* Exercise goal:
Reproduce word for word every line from the one containing "Aqua Neon Yellow-Navy" through the end of the listing below; omit the pictures.

* Data for processing:
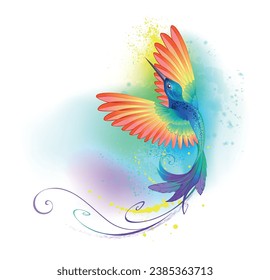 Luminoso, irrisorio, espléndido, arco iris, colibrí volador sobre fondo blanco pintado con pintura multicolor. Colibrí arcoiris. arte vectorial dibujado a mano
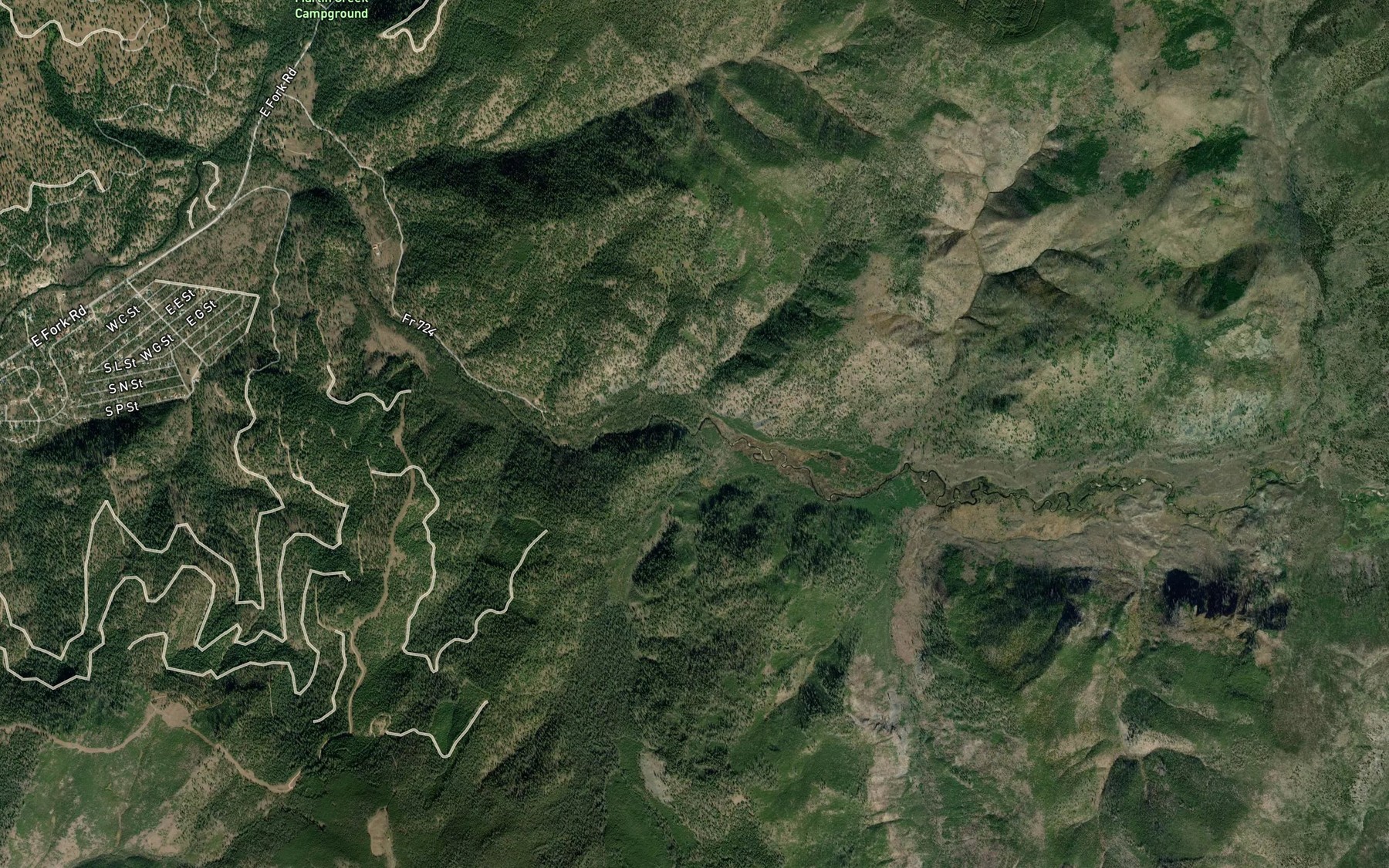 Satellite map of the Orphan Creek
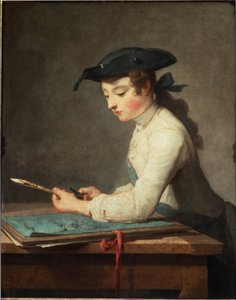 Jeune dessinateur taillant son crayon - Jean Baptiste Simeon Chardin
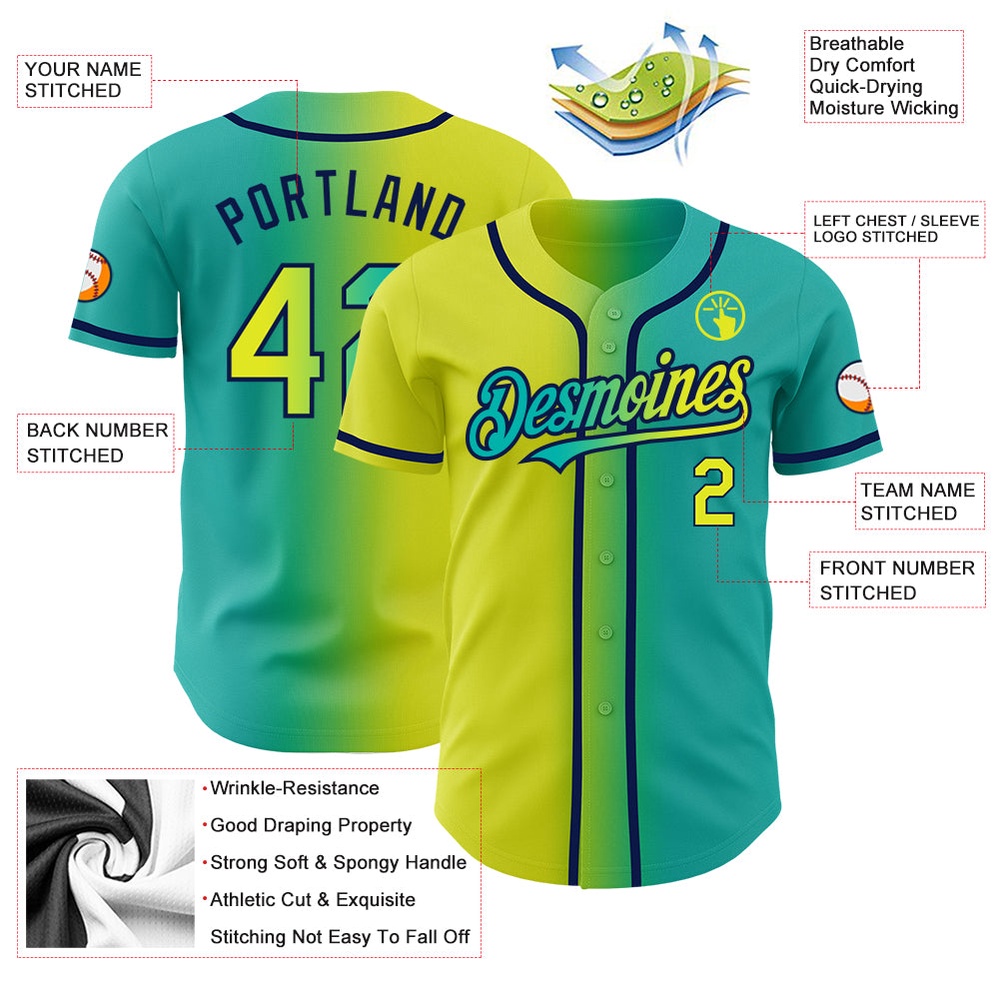 Aqua Neon Yellow-Navy Authentic Gradient Fashion Baseball Jersey, Custom Baseball Jersey, Personalized Sport Jersey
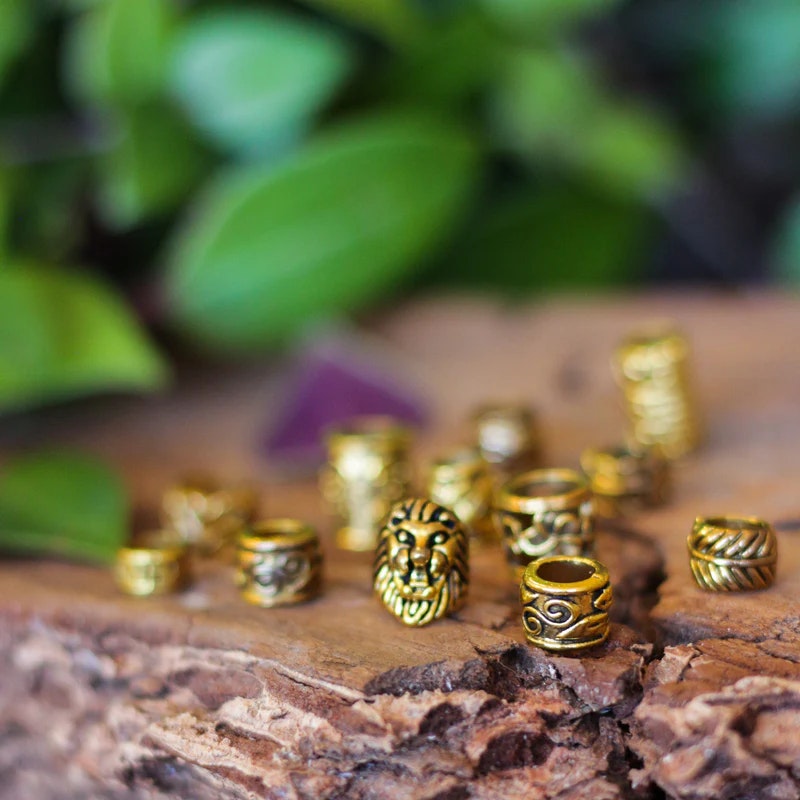 Lion Dread Pearl Mix Gold Dreadlock Jewellery-Raw Roots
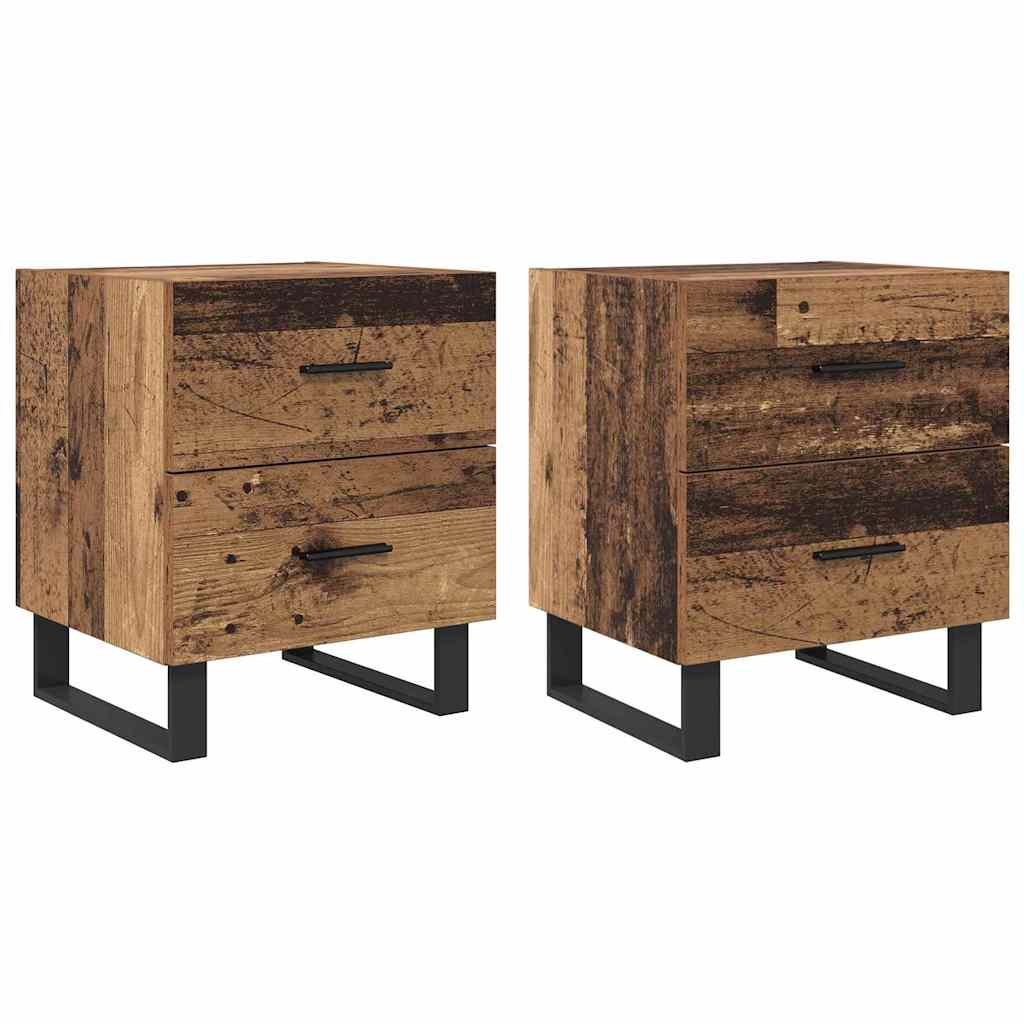 Natskab med skuffe 2 pcs Gammelt træ og sort 40 x 35 x 47,5 cm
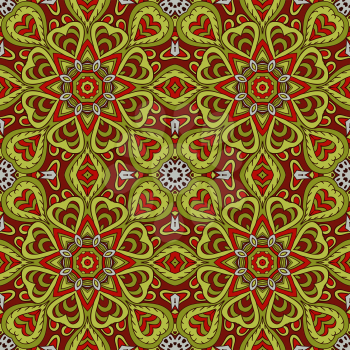 Mandala doodle drawing. Colorful seamless ornament. Ethnic motives. Zentangl Hearts. Red and green tones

* Written solution:
 Aqua Neon Yellow-Navy Authentic Gradient Fashion Baseball Jersey, Custom Baseball Jersey, Personalized Sport Jersey
 Lion Dread Pearl Mix Gold Dreadlock Jewellery-Raw Roots
 Natskab med skuffe 2 pcs Gammelt træ og sort 40 x 35 x 47,5 cm
 Mandala doodle drawing. Colorful seamless ornament. Ethnic motives. Zentangl Hearts. Red and green tones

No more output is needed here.